We Impose No Rules: Select Works from the Gutai Group
The Arts Club
13 September 2017 – January 2018

The Arts Club is set to present an exhibition focusing on key masters of the Japanese avant-garde group, Gutai – several of whom have never shown in London before. Founded in 1956, the Gutai group forged radical new ways of making abstract paintings in terms of both their actions and as an overarching philosophy. Encouraged by Gutai founder Jiro Yoshihara to “do what no one has done before!” the artists used unorthodox techniques including inciting explosions, crashing jars of paint against surfaces and using the artist’s body to paint in novel ways.

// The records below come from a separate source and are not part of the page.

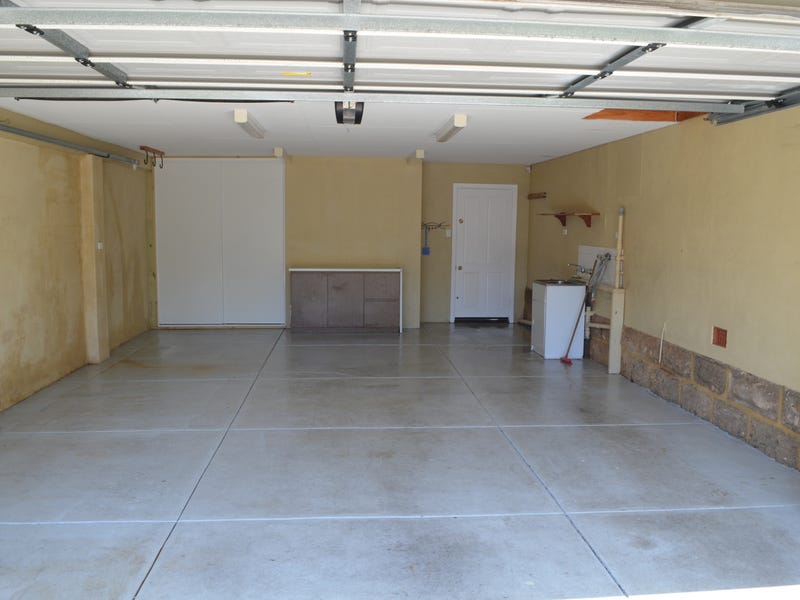 Beautiful Beach Cottage for Rent 5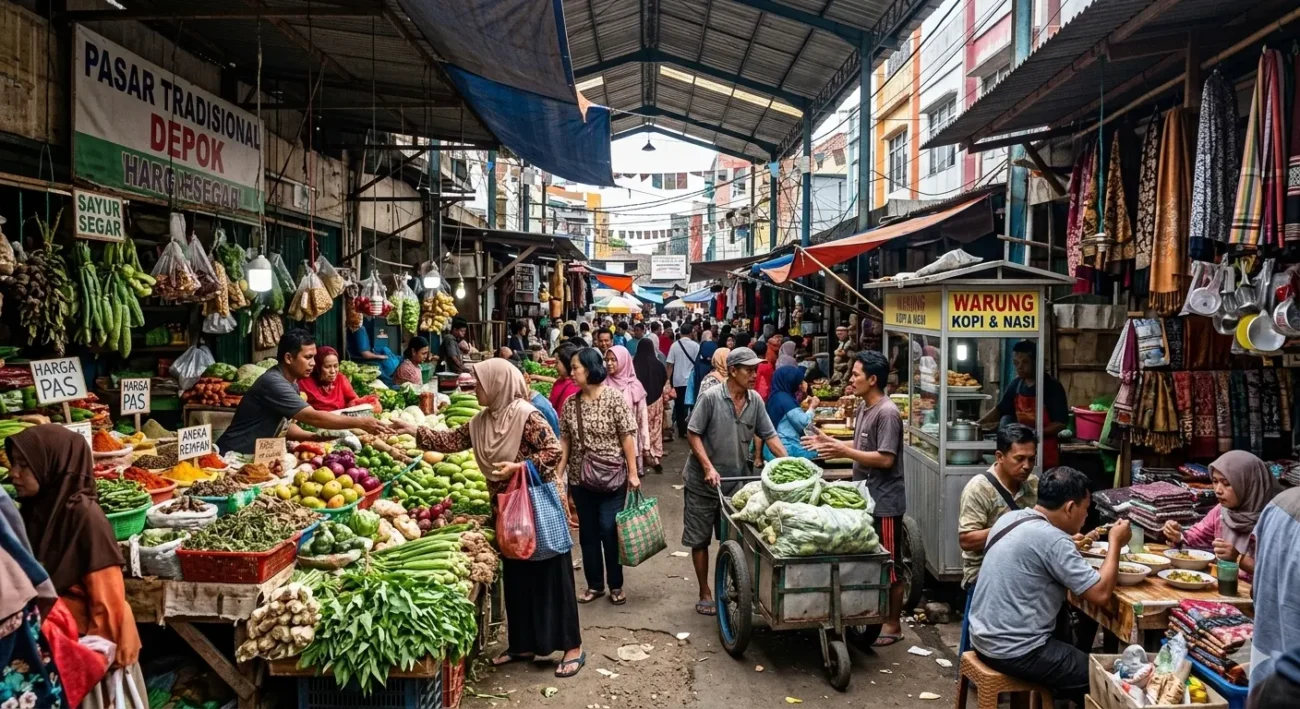 Apa Itu Kegiatan Ekonomi? Penjelasan Sederhana (ft.istimewa)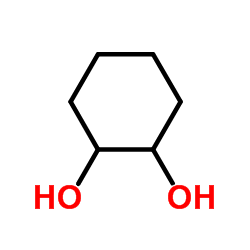 1,2-环己二醇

Started four years after the end of the allied occupation that transformed Japan into a democratic State, Gutai rejected traditional art styles in favour of performative practices. They declared freedom of expression, an emphasis on individualism and had a desire to express the true natures of their materials, whilst also being in an open dialogue with artists from around the world, from Jackson Pollock to the Dadaists. Politically, Gutai marks a clear break from Japan’s autocratic and isolationist past and a desire to build a new language for art after the horrors of the Second World War. Works by masters Shozo Shimamoto, Atsuko Tanaka, Takesada Matsutani, and Toshio Yoshida will be on display.

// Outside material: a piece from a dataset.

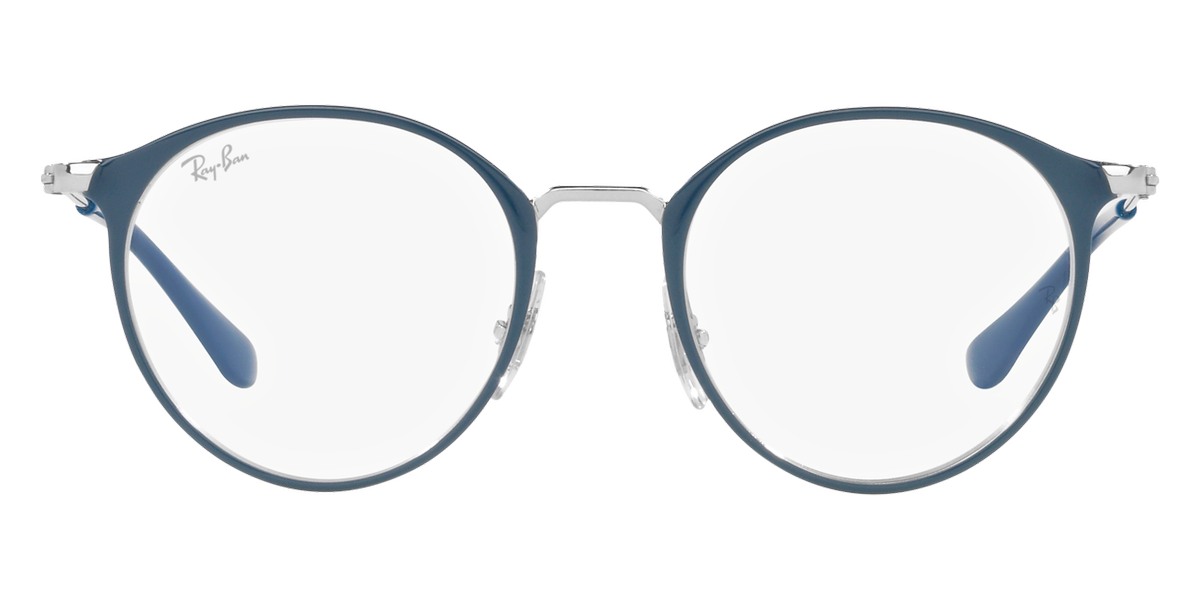 Ray-Ban™ - RY1053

The Arts Club show marks the London debut of works by Atsuko Tanaka (1932–2005) and Shozo Shimamoto (1928–2013), key members of the Gutai group who have been included in major museum shows in the US such as The Solomon R. Guggenheim Museum, NY and the Museum of Modern Art, NY, but remarkably, remain relatively unknown in Europe. Also included in the show are well-established Gutai members: Toshio Yoshida (1928-1997) and Takesada Matsutani (b.1937). Gutai’s innovations have been key to the development of art history.

Shimamoto, a co-founder of the Gutai movement in the 1950s, staged almost violent confrontations with the surfaces of his paintings, at first through piercing holes and cuts, and eventually by shooting jars of paint out of a canon to crash them onto the surface, creating beautiful abstract artworks in their wake. Tanaka depicts circles of colour connected by sinuous lines, at times in almost grid-like formations and in other instances, in chaos. She gained recognition for her Electric Dress (1956) consisting of wires and coloured lightbulbs that she wore to exhibition openings.

Toshio Yoshida also worked at the intersection between painting and performance. His practice includes burn paintings, made by searing or scarring plywood panels with soldering iron or red hot coals and, his single brush stroke Sakuhin paintings. He also made pour paintings, pouring Indian Ink from a watering can, and foam paintings, built up through soap foam mixed with paint. Takesada Matsutani began exhibiting with the Gutai group in 1960. He used vinyl glue to create bulbous, scar-like elements on canvas surfaces, blowing them up with his own breath to create the swellings.

Together these artists represent the highly varied experimental pursuits of Gutai, united by a strong commitment to ideals of individual freedom.

The exhibition is curated by Amelie von Wedel and Pernilla Holmes from Wedel Art.